(EXERCISE): Taking the entries below from the top, restate each line exactly and end with the line containing "Oude generatie AMR-meter (zonder A1-poort)".

[Data excerpts]
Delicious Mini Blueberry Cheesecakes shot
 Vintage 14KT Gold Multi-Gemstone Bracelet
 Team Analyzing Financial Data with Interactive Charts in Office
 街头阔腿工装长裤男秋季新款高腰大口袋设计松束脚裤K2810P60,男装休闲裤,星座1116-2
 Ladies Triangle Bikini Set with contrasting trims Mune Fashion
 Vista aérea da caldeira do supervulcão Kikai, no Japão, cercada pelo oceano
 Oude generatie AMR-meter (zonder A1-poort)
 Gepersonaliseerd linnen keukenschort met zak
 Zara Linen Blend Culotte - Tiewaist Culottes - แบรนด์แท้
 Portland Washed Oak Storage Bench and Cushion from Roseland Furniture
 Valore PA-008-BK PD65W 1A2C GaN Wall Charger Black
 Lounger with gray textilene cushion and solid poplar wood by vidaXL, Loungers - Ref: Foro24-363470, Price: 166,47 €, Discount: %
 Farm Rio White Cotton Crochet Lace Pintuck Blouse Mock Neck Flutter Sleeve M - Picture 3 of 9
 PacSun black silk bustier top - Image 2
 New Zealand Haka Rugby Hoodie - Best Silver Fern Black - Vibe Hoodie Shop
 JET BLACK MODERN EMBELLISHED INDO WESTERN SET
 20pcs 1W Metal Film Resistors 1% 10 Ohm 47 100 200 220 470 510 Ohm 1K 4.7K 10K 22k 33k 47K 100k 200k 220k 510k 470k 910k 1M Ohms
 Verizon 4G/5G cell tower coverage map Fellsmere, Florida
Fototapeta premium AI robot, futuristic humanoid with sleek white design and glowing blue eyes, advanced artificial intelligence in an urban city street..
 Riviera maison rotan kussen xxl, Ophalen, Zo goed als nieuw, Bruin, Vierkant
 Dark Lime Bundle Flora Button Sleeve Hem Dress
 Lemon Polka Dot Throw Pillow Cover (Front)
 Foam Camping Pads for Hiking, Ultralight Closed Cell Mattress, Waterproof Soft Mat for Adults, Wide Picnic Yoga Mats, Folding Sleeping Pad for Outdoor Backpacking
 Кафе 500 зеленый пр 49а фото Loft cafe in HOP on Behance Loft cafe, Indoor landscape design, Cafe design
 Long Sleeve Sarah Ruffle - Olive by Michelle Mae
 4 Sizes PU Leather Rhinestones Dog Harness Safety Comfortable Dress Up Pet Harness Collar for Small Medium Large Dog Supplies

(WORKED SOLUTION):
Delicious Mini Blueberry Cheesecakes shot
 Vintage 14KT Gold Multi-Gemstone Bracelet
 Team Analyzing Financial Data with Interactive Charts in Office
 街头阔腿工装长裤男秋季新款高腰大口袋设计松束脚裤K2810P60,男装休闲裤,星座1116-2
 Ladies Triangle Bikini Set with contrasting trims Mune Fashion
 Vista aérea da caldeira do supervulcão Kikai, no Japão, cercada pelo oceano
 Oude generatie AMR-meter (zonder A1-poort)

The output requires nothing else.